### [Input]

● ● ●

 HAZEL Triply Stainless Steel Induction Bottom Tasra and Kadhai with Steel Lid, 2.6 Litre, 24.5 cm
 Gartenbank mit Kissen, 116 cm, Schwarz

● ● ●

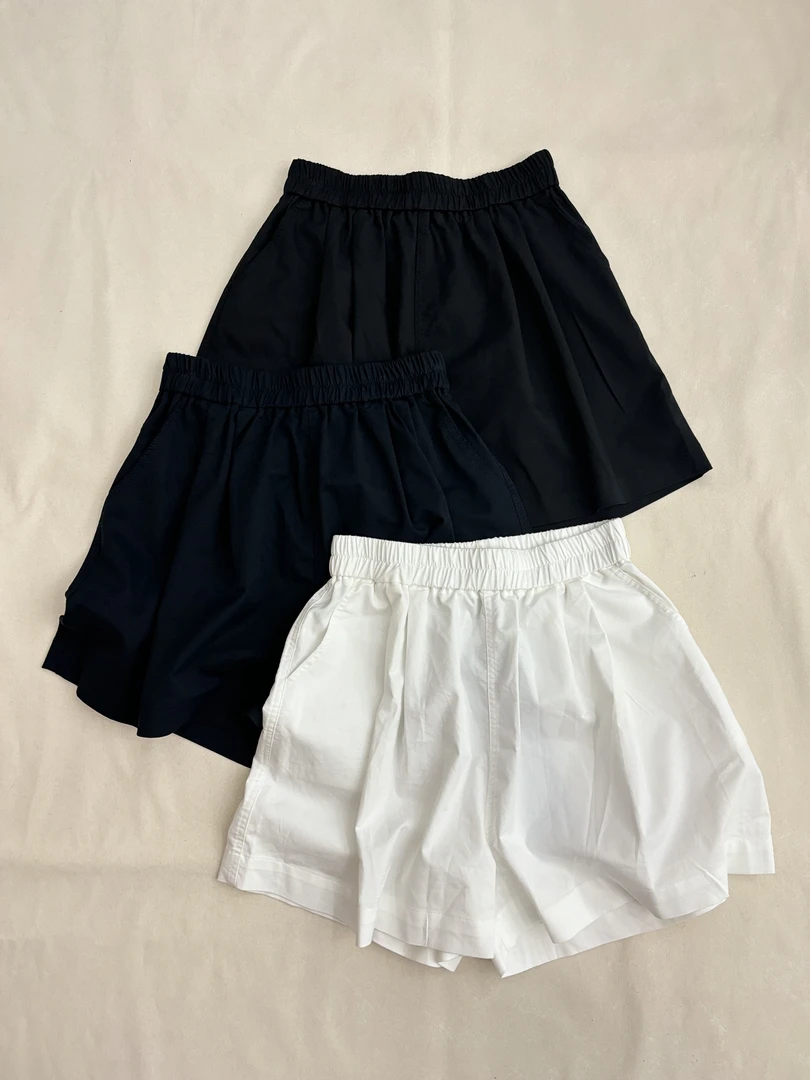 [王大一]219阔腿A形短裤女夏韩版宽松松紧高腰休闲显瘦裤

● ● ●

### [Exercise details]
Your answer should be the lines above, from the line containing "HAZEL Triply Stainless" up to and including the line containing "Gartenbank mit Kissen, 116 cm, Schwarz", reproduced exactly and with nothing else.

### [Output of the exercise]
 HAZEL Triply Stainless Steel Induction Bottom Tasra and Kadhai with Steel Lid, 2.6 Litre, 24.5 cm
 Gartenbank mit Kissen, 116 cm, Schwarz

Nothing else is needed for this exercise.